→ Requirement
Because only the text is wanted, repeat the records below exactly and omit the pictures.

(Beginning of Data for processing)

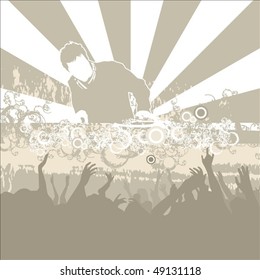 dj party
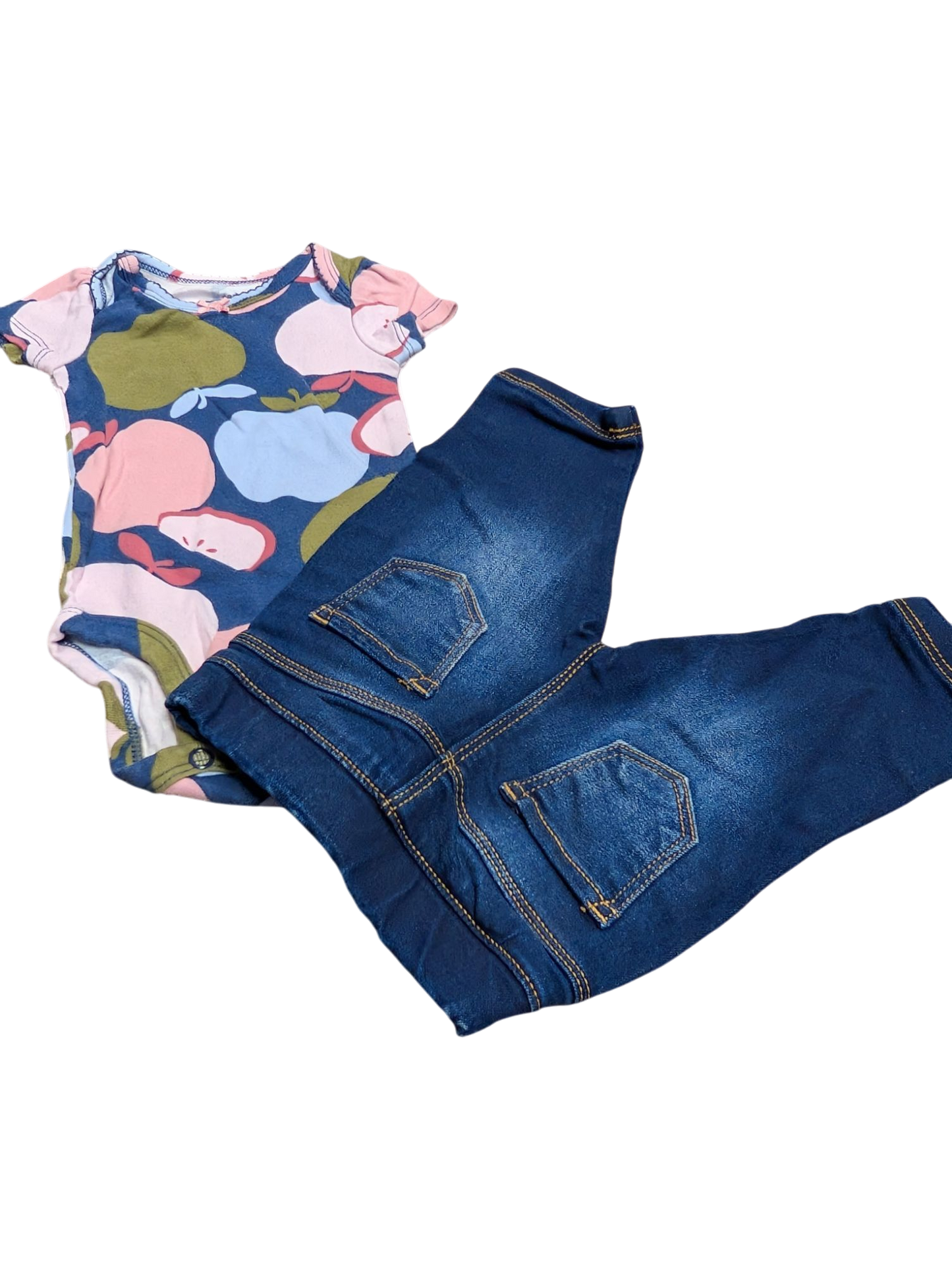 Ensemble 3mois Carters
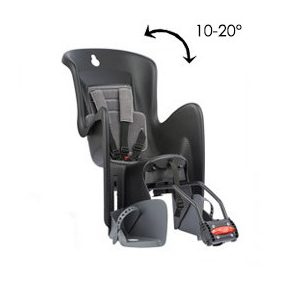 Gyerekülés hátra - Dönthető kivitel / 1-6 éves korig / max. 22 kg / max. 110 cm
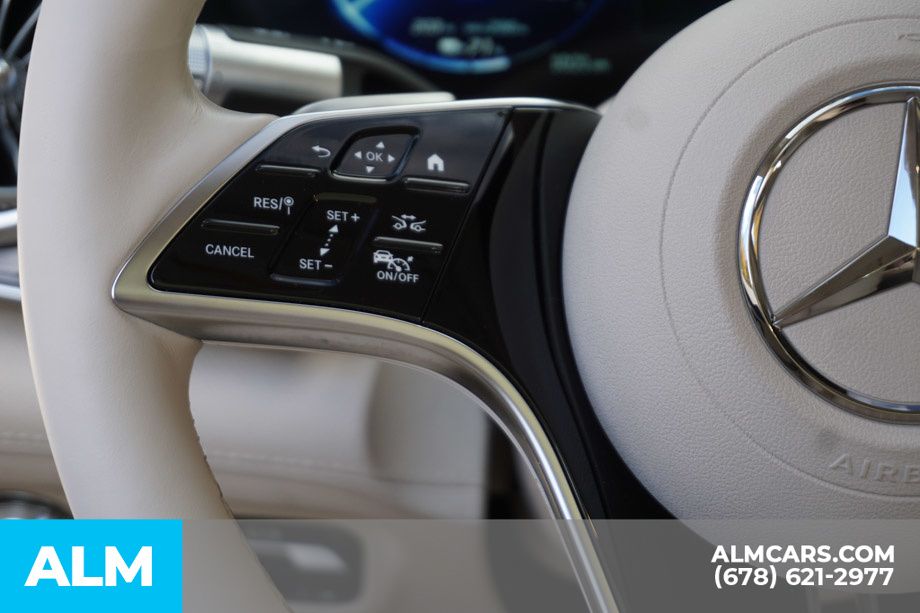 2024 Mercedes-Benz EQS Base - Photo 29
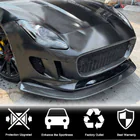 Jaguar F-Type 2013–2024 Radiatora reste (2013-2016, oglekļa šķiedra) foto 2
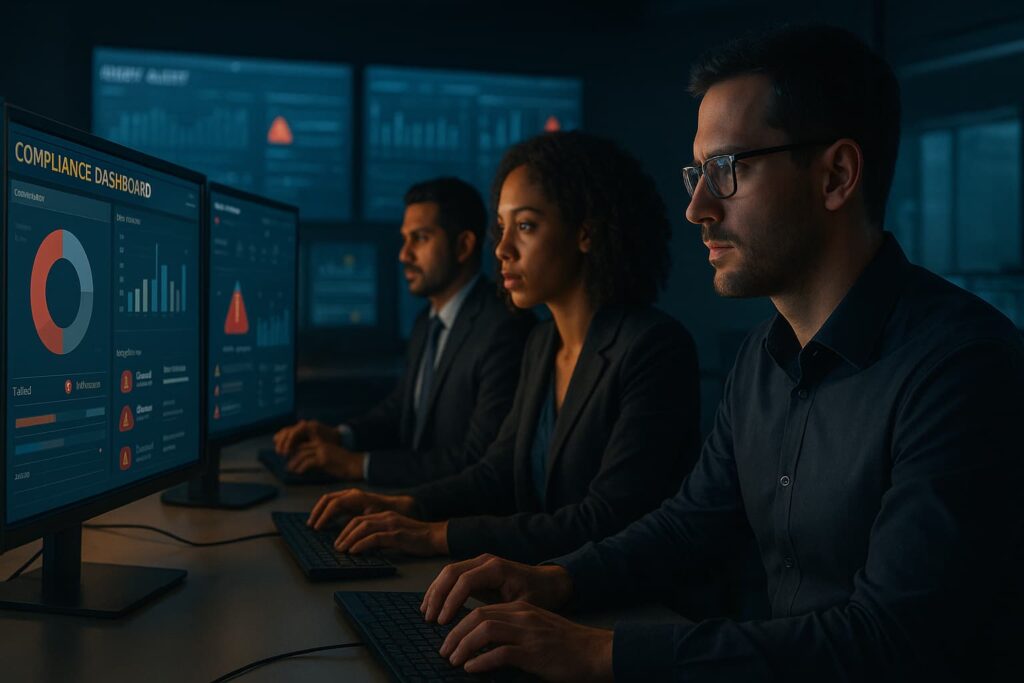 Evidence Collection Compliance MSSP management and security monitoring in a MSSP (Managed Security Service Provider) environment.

(End of Data for processing)

→ Completed task
 dj party
 Ensemble 3mois Carters
 Gyerekülés hátra - Dönthető kivitel / 1-6 éves korig / max. 22 kg / max. 110 cm
 2024 Mercedes-Benz EQS Base - Photo 29
 Jaguar F-Type 2013–2024 Radiatora reste (2013-2016, oglekļa šķiedra) foto 2
 Evidence Collection Compliance MSSP management and security monitoring in a MSSP (Managed Security Service Provider) environment.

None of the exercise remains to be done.